Ну и был, конечно, Пафос. 40 лет победы (концерт в Москве, в «Олимпийском») – Пугачёва, Тухманов с Лещенко и всем хором Вооружённых сил в финале… Кремль. Колонный зал дома Союзов. Первая встреча с Аллой Борисовной носила чисто прагматический характер: барабанщик певицы просил попользоваться нашими («земляновскими», валериными) модными барабанами («Наши фуры с аппаратом ещё на границе с Финляндией… у нас такие же… на один концерт…»). Киселёв щедро дал добро на аренду модного аксессуара.
Но Валерий Брусиловский, который уже выплатил к тому времени стоимость «ратабамов», вдруг заупрямился, мол, попортят, вмятину посадят или ещё что… а я что, новые покупай? Киселёв шутит: тебя сама Алла просит. И действительно, пришла сама. Попросила. Пришлось дать. Я хохотал, глядя, как Валера жмётся, не в силах устоять перед всенародным авторитетом. Вспомнил анекдот из жизни «Rolling Stones», рассказанный Майком.
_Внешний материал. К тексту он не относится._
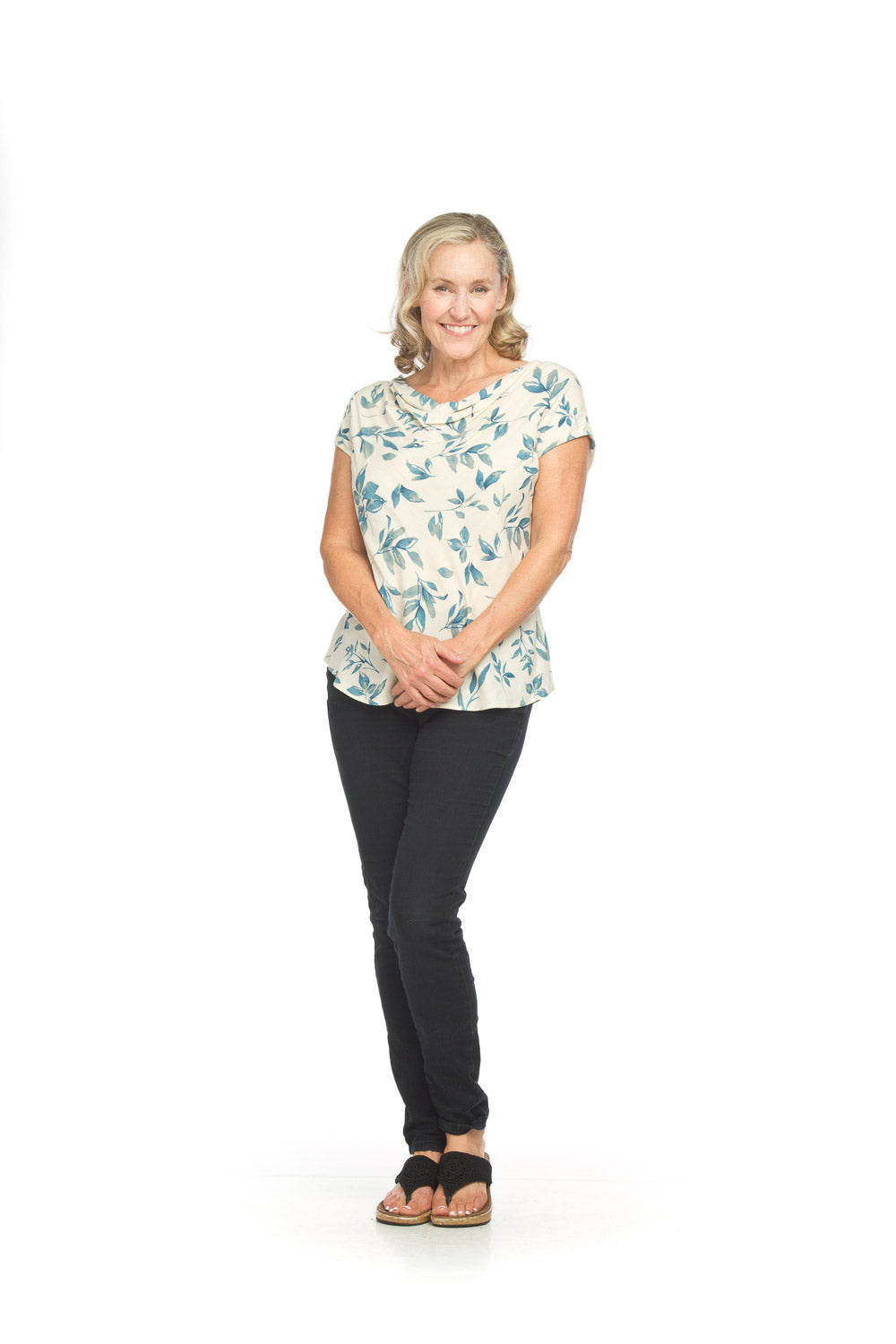 Bias Cut Linen Blend Neck Top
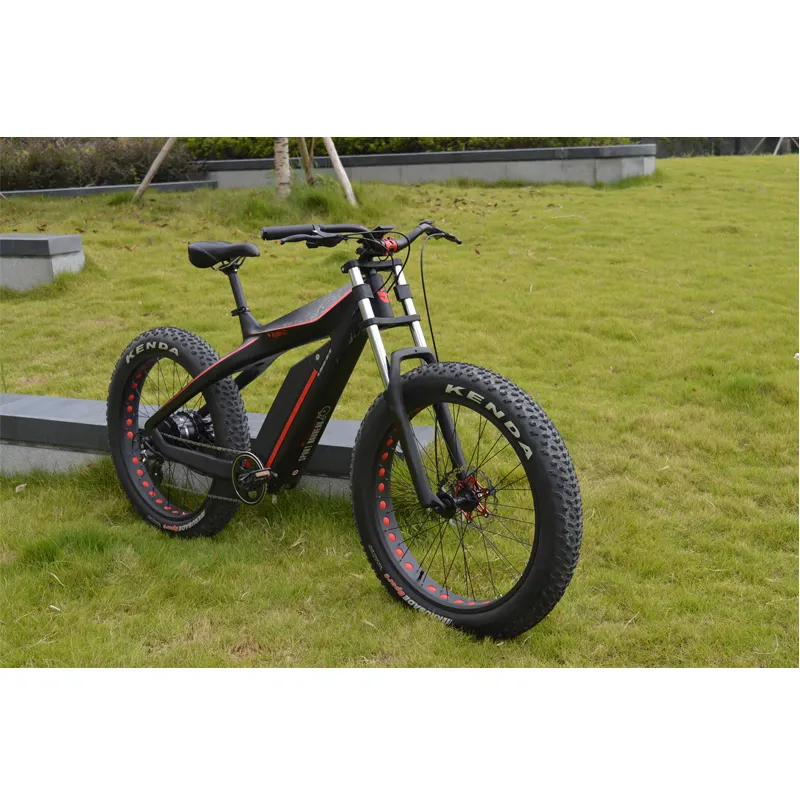 Two Seat Bicycle Electric Kontax ES750 26inch Fat TIire Carbon Fiber E Bike 48V 750W Electric Bike
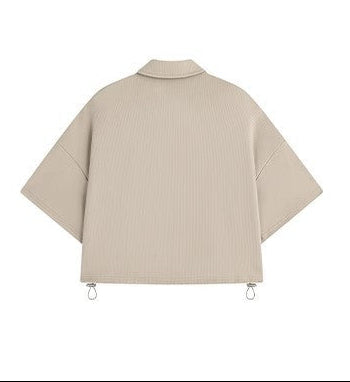 Pearl Bush Off-Shoulder Layered Crop Top with Drawstring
Когда Бьянка ещё не была женой Джаггера, где-то на гастролях Марианна Фэйтфул, старая боевая подруга «Роллингов» (кстати, именно она дала почитать Джаггеру «Мастера и Маргариту» Булгакова, в переводе, конечно, после чего возник альбом «Её Сатанинское Величество») попросила у Бьянки «что-нибудь надеть на вечер, а то так не хочется распаковывать чемоданы!». Бьянка не посмела отказать, и на следующее утро получила самое дорогое своё платье обратно, всё в дырках от сигарет и заляпанное кетчупом. Марианна была довольна: «Какая ты хорошая подруга! Можно вообще не открывать чемоданы!» Барабаны Пугачёва вернула без дырок, что и послужило благоприятной почвой для дальнейшего общения. Однако когда спустя три года я пришёл наниматься в её очередной музыкально-продюсерский центр уже не как «землянин», а под своим именем – она меня даже не узнала. Впрочем, это уже совсем другая история.
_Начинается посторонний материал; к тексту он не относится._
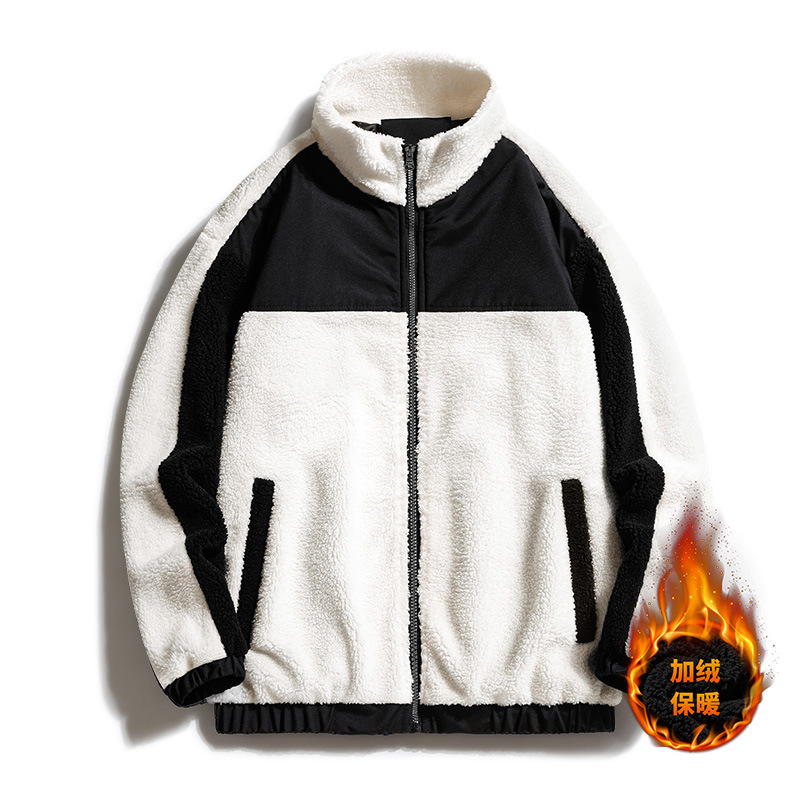 2022 invierno cordero abrigo cálido de algodón para hombres con terciopelo grueso agitado estilo de moda de Hong Kong venta directa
Когда настало время XII-го Всемирного фестиваля молодёжи и студентов, в Москву приехали, кроме прочих, рок-группы, зарубежные: Bob Dylan в качестве всемирного же борца за мир, по непроверенным слухам была тайная встреча с «Pink Floyd», на которой кто побывал ли – неведомо, были никому тогда почти неизвестные «Everything But The Girl». Мы играли второе отделение после них в гостинице «Космос». В «Космосе» играть с «Everything But the Girl” на разогреве… Видеть Дилана и «Пудис»… Группа «Цветы»! Лимонад «Марли»! Леонтьев, поющий «Голубое Турецкое рондо» Моцарта.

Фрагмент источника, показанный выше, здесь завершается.